The problem and its potential solutions have jumped to the top of the California political agenda. But most experts agree: Even under the best scenarios, the fires and widespread power shutoffs will be here for years to come. In the meantime, Californians will pay higher prices for less reliable energy.

“It’s not just going to be a PG&E cost, isolated from impact on the consumer,” said Matthew Cordaro, a longtime utility executive and a trustee for the Long Island Power Authority, which sustained significant damage during Superstorm Sandy in 2012. “The consumer’s going to have to pay for it.”

The danger from a growing number of people living next to power lines and dry forests as the climate changes wasn’t unknown, but it wasn’t front of mind before electrical systems started a series of fires that swept through Northern California two years ago, leaving a trail of destruction and killing dozens. What seemed unthinkable was repeated just a year later, when PG&E power lines started the Camp Fire that destroyed the town of Paradise and killed 85 people.

PG&E operates some 125,000 miles (200,000 kilometers) of power lines, enough to wrap around the equator five times. Much of the system traverses remote forests that are dry from years of drought and dense from a lack of logging or natural fires. California has 138 million dead trees, all of them potential fuel for fire.

“There’s a ton of blame to go around here” – Christopher Knittel, director of Center for Energy and Environmental Policy

Meanwhile, a shortage of housing in cities — and stiff resistance to building more — has pushed new construction into forested areas, where there are few barriers to building.

And the climate is warming. While scientists can’t blame climate change alone for any one fire, they say it contributes to drier brush, hotter temperatures and stronger winds, all of which help flames spread farther, faster. Five of the 10 largest fires and seven of the 10 most destructive have happened in the last decade. The deadliest were started by power lines.

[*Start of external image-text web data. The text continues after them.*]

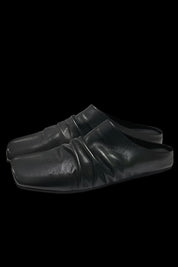 Wrinkled Leather Slippers - Dekayed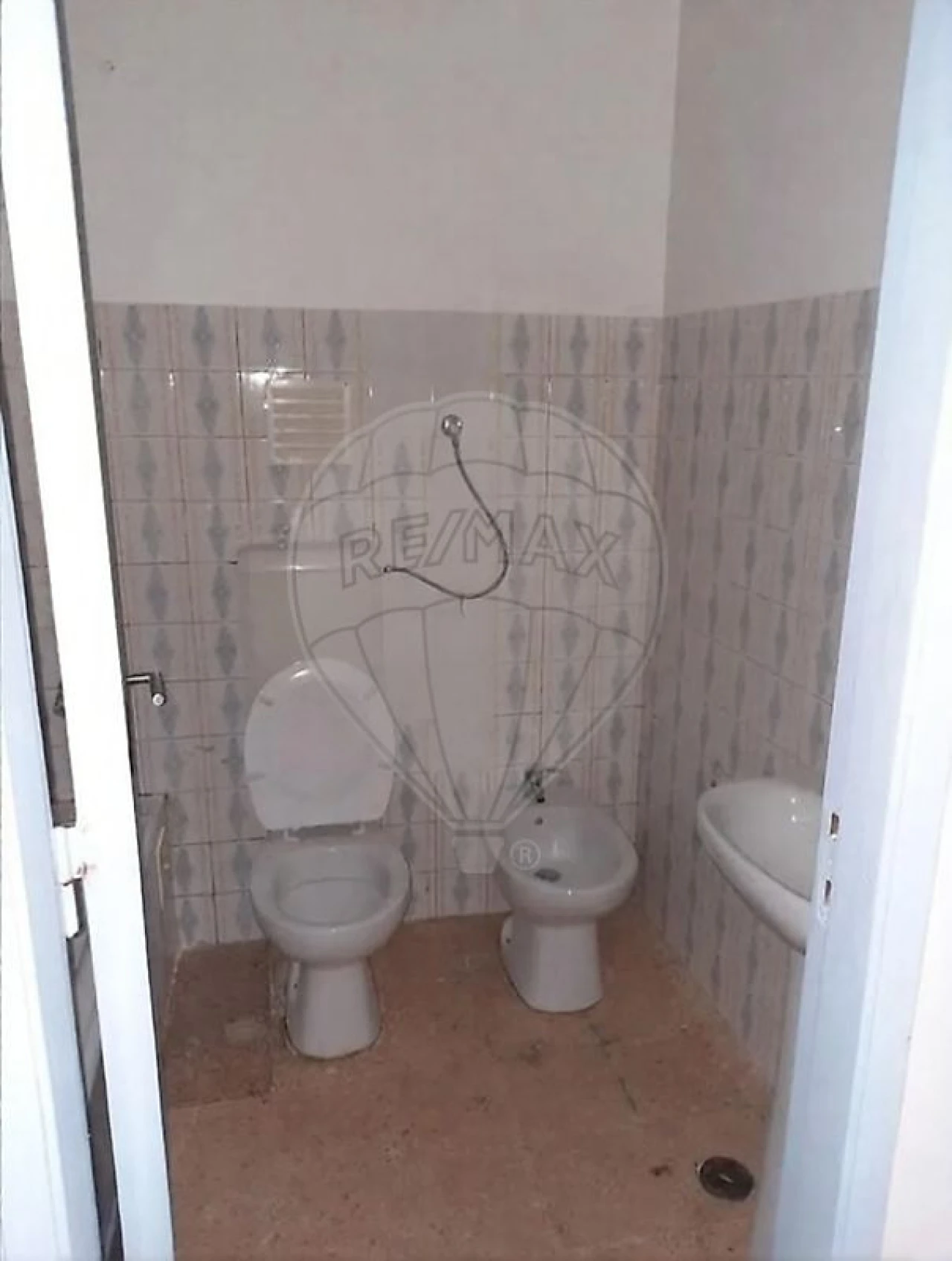 Apartamento T2 para Venda em Agualva e Mira-Sintra Foto 5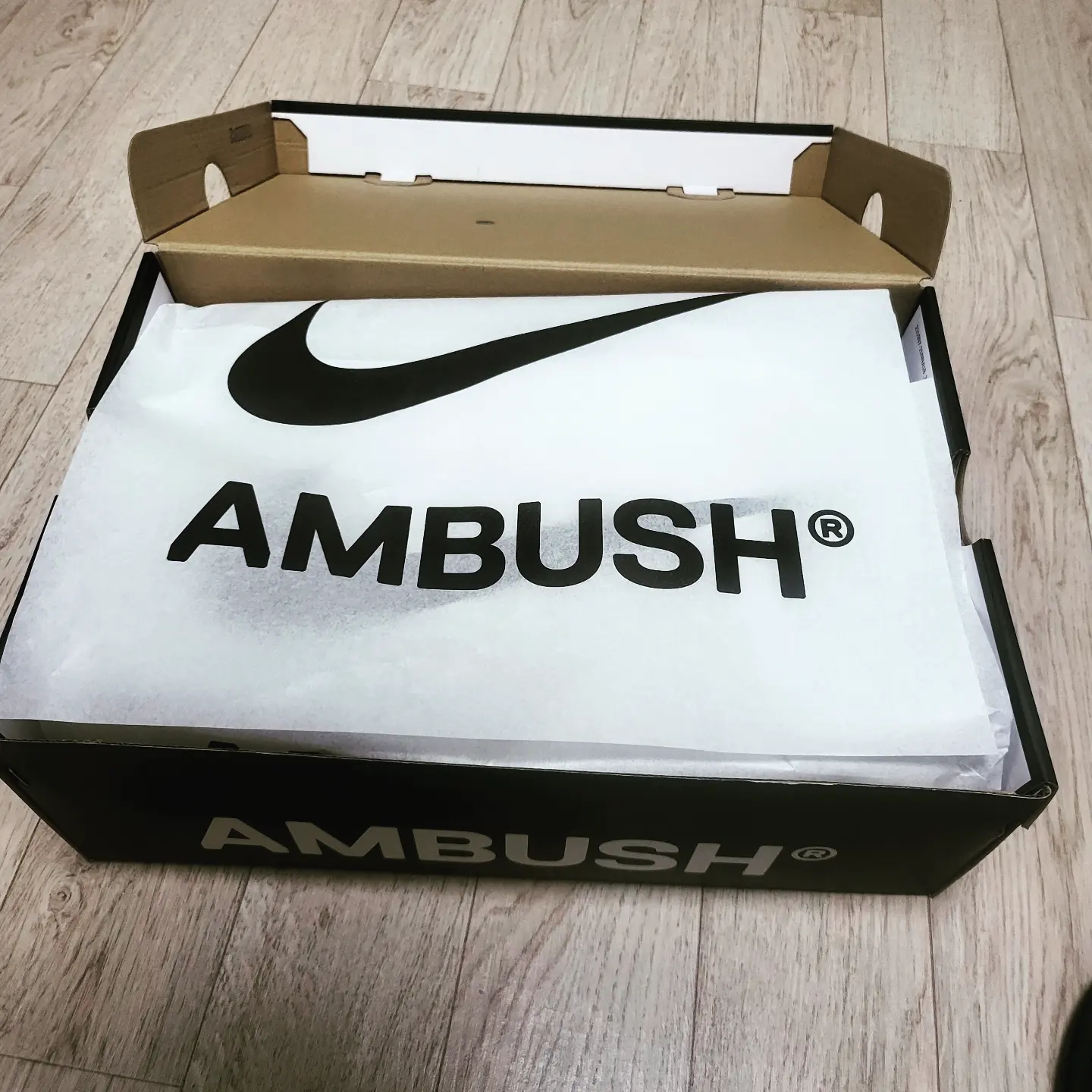 Nike x Ambush Air Force 1 Low SP Black 착용 스타일 - 2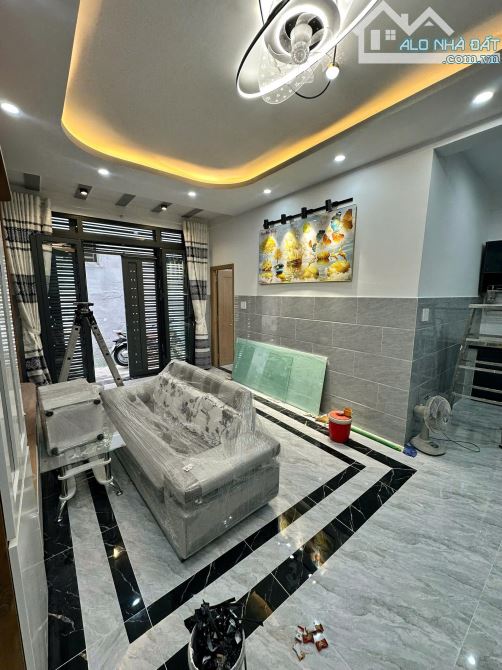 Bán nhà mới đẹp hẻm Hoài Thanh Phường Phú Định (Phường 14 Quận 8 cũ). Nhà nở hậu, gần chợ - 2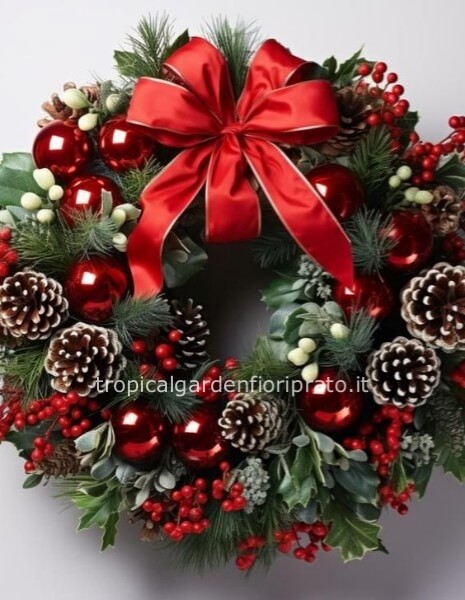 Corona natalizia con abete vero, bacche, decori rossi e decori naturali- Diametro 35 cm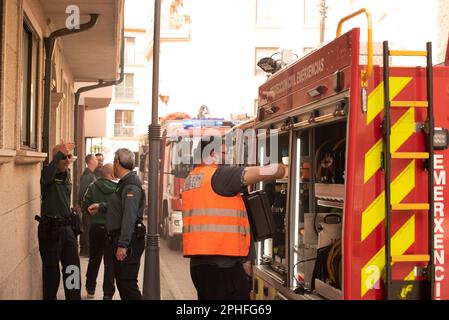 Cangas, Pontevedra, Spagna. marzo, 28th 2023. Le squadre di emergenza si preparano per il secondo intervento. polizia e guardia civile. Credit: Xan Gasalla /Alamy Live News. Foto Stock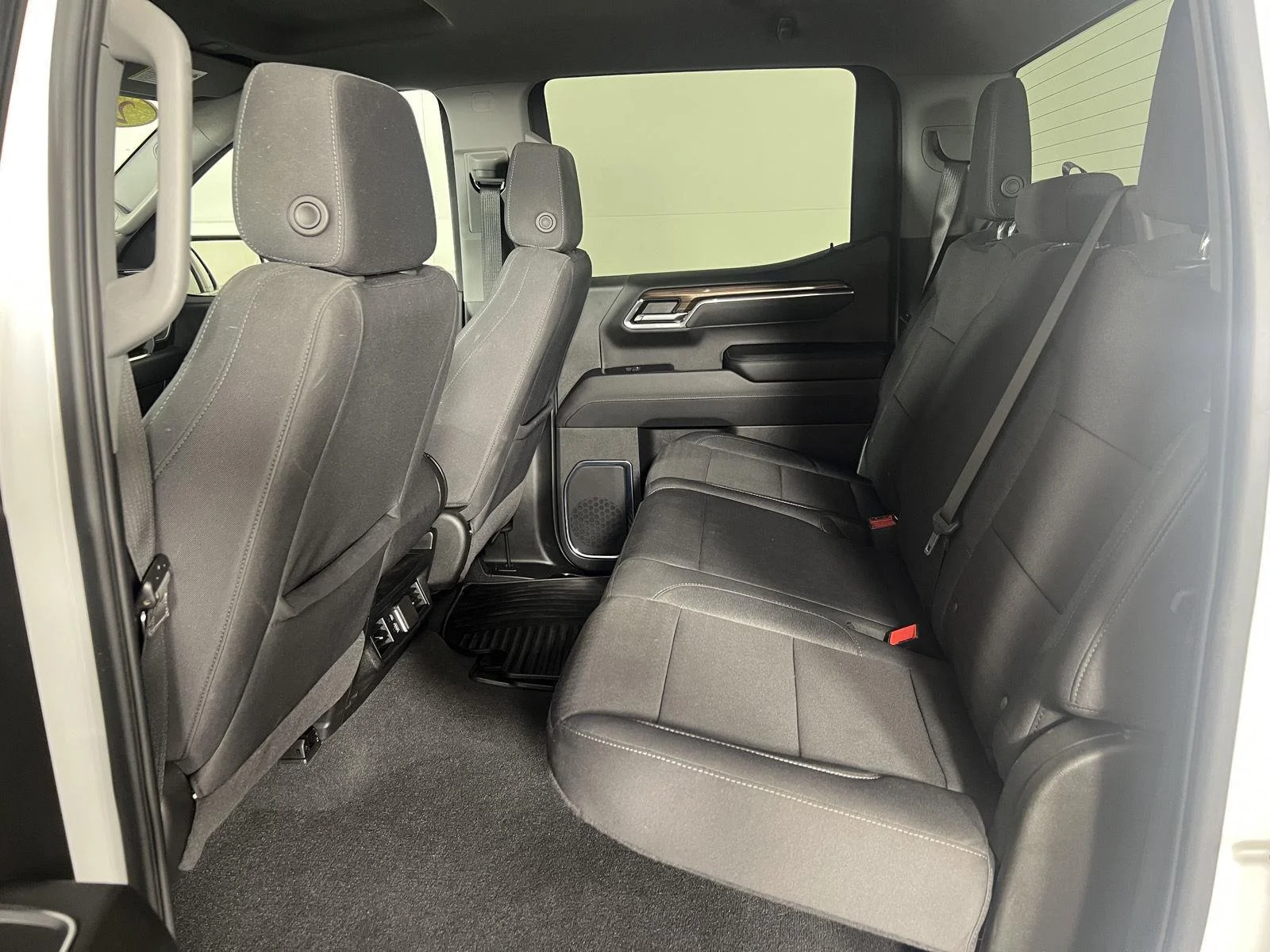 Used 2024 Summit White Chevrolet LT image 29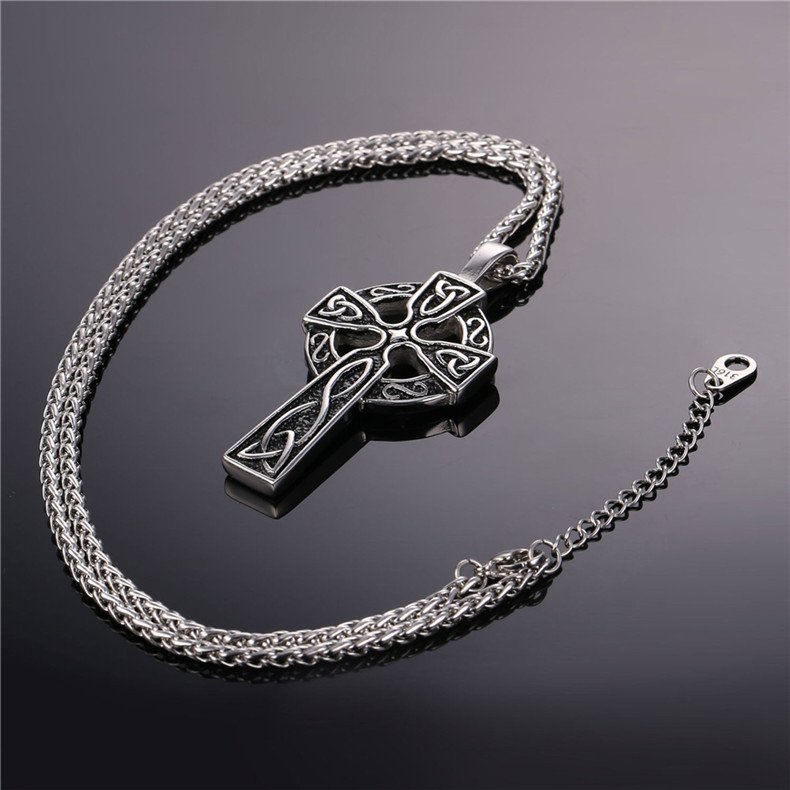 Pendentif Croix Celtique en Acier Inoxydable chaine robuste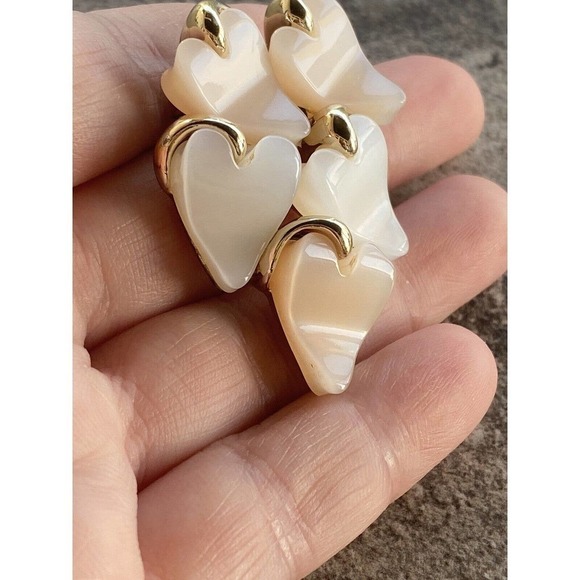 Claudette Vintage Pearl and Beige Moon Glow thermoset Brooch Pin - Picture 8 of 8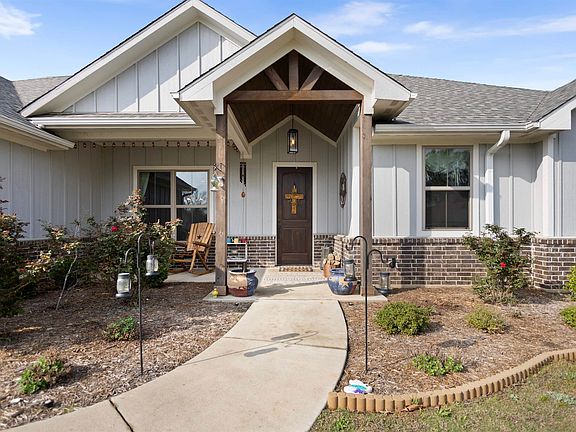 5th image of 18341 Timber Oaks Dr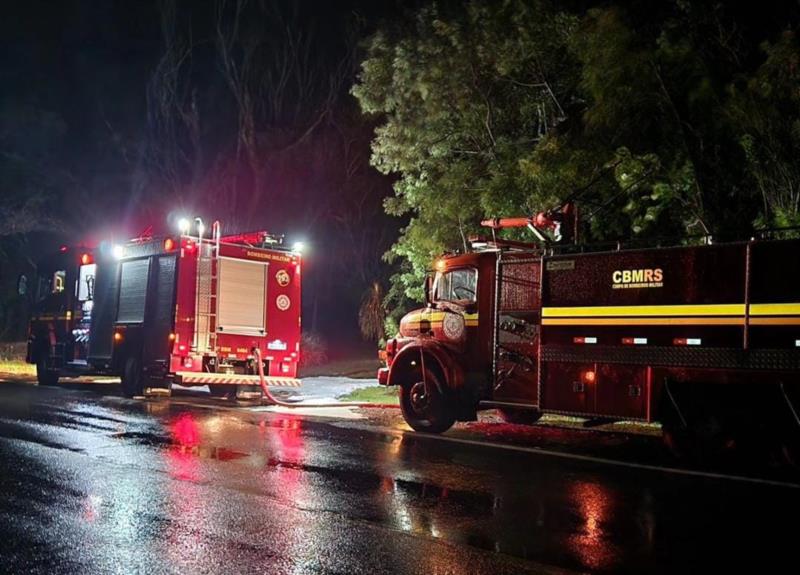 Residência é destruída em incêndio no interior de Santa Cruz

More than half of PG&E’s 70,000 square miles (181,000 square kilometers) of service territory is designated as high risk for fires, according to the company’s wildfire mitigation plan submitted this year to the state’s utility regulator, the California Public Utilities Commission.

A Pacific Gas & Electric worker replaces power poles destroyed by wildfires in Glen Ellen, Calif.(AP Photo/Ben Margot, file)

Kris Mayes, Arizona’s former top utility regulator who now leads the Utility of the Future Center at Arizona State University, said PG&E should be broken into two or three more manageable entities, and California should shift to “performance-based regulation” that rewards utilities for things like safety, reliability, customer service or the amount of renewable energy. Utilities now are awarded a fixed profit on their investments. The need for long-distance transmission lines could be reduced by conserving energy and generating and storing more of it locally, she said.

“The utilities have been rewarded over decades for building big stuff, including these power lines that are now causing fires,” Mayes said.

Whatever route PG&E goes, it still faces extensive debt for its existing infrastructure and stiff liabilities from starting the two deadliest and most destructive wildfires on record in United States history. Those costs, and likely the cost for system upgrades, are likely to be passed to its customers.

“This is an unacceptable situation in California, and no utility should ever put its customers in harm’s way,” Mayes said. “It’s just not supposed to happen.”